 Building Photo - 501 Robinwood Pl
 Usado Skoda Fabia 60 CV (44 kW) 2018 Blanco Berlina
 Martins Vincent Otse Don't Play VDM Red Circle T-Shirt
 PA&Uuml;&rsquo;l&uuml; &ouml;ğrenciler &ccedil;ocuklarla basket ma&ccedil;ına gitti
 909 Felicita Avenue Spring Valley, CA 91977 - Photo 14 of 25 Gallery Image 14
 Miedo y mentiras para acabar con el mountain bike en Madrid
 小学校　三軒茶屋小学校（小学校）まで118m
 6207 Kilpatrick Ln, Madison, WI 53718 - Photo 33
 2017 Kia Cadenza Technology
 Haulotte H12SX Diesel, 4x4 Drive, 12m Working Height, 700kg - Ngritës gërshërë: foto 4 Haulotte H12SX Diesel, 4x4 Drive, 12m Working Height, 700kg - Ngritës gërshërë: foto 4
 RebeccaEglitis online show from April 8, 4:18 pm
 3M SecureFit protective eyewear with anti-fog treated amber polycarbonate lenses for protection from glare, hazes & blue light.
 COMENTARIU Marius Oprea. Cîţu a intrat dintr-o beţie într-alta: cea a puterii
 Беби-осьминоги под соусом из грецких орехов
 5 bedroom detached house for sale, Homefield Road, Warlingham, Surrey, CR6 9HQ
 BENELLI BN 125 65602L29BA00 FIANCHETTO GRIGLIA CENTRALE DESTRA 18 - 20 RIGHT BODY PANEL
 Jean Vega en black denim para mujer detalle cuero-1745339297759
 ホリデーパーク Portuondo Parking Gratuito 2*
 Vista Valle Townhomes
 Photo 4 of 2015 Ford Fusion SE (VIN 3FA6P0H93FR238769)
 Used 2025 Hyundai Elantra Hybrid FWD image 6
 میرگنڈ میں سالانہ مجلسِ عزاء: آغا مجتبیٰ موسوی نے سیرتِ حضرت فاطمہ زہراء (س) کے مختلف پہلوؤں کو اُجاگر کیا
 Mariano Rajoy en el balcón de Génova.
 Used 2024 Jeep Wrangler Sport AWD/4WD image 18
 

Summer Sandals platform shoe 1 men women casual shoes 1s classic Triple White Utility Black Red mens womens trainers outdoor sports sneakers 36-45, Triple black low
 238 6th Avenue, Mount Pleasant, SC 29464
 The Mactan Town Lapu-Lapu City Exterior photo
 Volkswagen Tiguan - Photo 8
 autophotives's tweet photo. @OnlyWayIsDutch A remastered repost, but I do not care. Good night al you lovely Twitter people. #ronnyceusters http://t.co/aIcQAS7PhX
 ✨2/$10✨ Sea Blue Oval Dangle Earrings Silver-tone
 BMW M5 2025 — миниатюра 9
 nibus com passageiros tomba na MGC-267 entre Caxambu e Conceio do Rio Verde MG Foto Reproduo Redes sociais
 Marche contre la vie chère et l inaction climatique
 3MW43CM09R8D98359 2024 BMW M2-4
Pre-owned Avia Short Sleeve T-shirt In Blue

____________

* TRY IT
Using the exact wording, transcribe all the records above.

* RESPONSE
 Building Photo - 501 Robinwood Pl
 Usado Skoda Fabia 60 CV (44 kW) 2018 Blanco Berlina
 Martins Vincent Otse Don't Play VDM Red Circle T-Shirt
 PA&Uuml;&rsquo;l&uuml; &ouml;ğrenciler &ccedil;ocuklarla basket ma&ccedil;ına gitti
 909 Felicita Avenue Spring Valley, CA 91977 - Photo 14 of 25 Gallery Image 14
 Miedo y mentiras para acabar con el mountain bike en Madrid
 小学校　三軒茶屋小学校（小学校）まで118m
 6207 Kilpatrick Ln, Madison, WI 53718 - Photo 33
 2017 Kia Cadenza Technology
 Haulotte H12SX Diesel, 4x4 Drive, 12m Working Height, 700kg - Ngritës gërshërë: foto 4 Haulotte H12SX Diesel, 4x4 Drive, 12m Working Height, 700kg - Ngritës gërshërë: foto 4
 RebeccaEglitis online show from April 8, 4:18 pm
 3M SecureFit protective eyewear with anti-fog treated amber polycarbonate lenses for protection from glare, hazes & blue light.
 COMENTARIU Marius Oprea. Cîţu a intrat dintr-o beţie într-alta: cea a puterii
 Беби-осьминоги под соусом из грецких орехов
 5 bedroom detached house for sale, Homefield Road, Warlingham, Surrey, CR6 9HQ
 BENELLI BN 125 65602L29BA00 FIANCHETTO GRIGLIA CENTRALE DESTRA 18 - 20 RIGHT BODY PANEL
 Jean Vega en black denim para mujer detalle cuero-1745339297759
 ホリデーパーク Portuondo Parking Gratuito 2*
 Vista Valle Townhomes
 Photo 4 of 2015 Ford Fusion SE (VIN 3FA6P0H93FR238769)
 Used 2025 Hyundai Elantra Hybrid FWD image 6
 میرگنڈ میں سالانہ مجلسِ عزاء: آغا مجتبیٰ موسوی نے سیرتِ حضرت فاطمہ زہراء (س) کے مختلف پہلوؤں کو اُجاگر کیا
 Mariano Rajoy en el balcón de Génova.
 Used 2024 Jeep Wrangler Sport AWD/4WD image 18
 

Summer Sandals platform shoe 1 men women casual shoes 1s classic Triple White Utility Black Red mens womens trainers outdoor sports sneakers 36-45, Triple black low
 238 6th Avenue, Mount Pleasant, SC 29464
 The Mactan Town Lapu-Lapu City Exterior photo
 Volkswagen Tiguan - Photo 8
 autophotives's tweet photo. @OnlyWayIsDutch A remastered repost, but I do not care. Good night al you lovely Twitter people. #ronnyceusters http://t.co/aIcQAS7PhX
 ✨2/$10✨ Sea Blue Oval Dangle Earrings Silver-tone
 BMW M5 2025 — миниатюра 9
 nibus com passageiros tomba na MGC-267 entre Caxambu e Conceio do Rio Verde MG Foto Reproduo Redes sociais
 Marche contre la vie chère et l inaction climatique
 3MW43CM09R8D98359 2024 BMW M2-4
Pre-owned Avia Short Sleeve T-shirt In Blue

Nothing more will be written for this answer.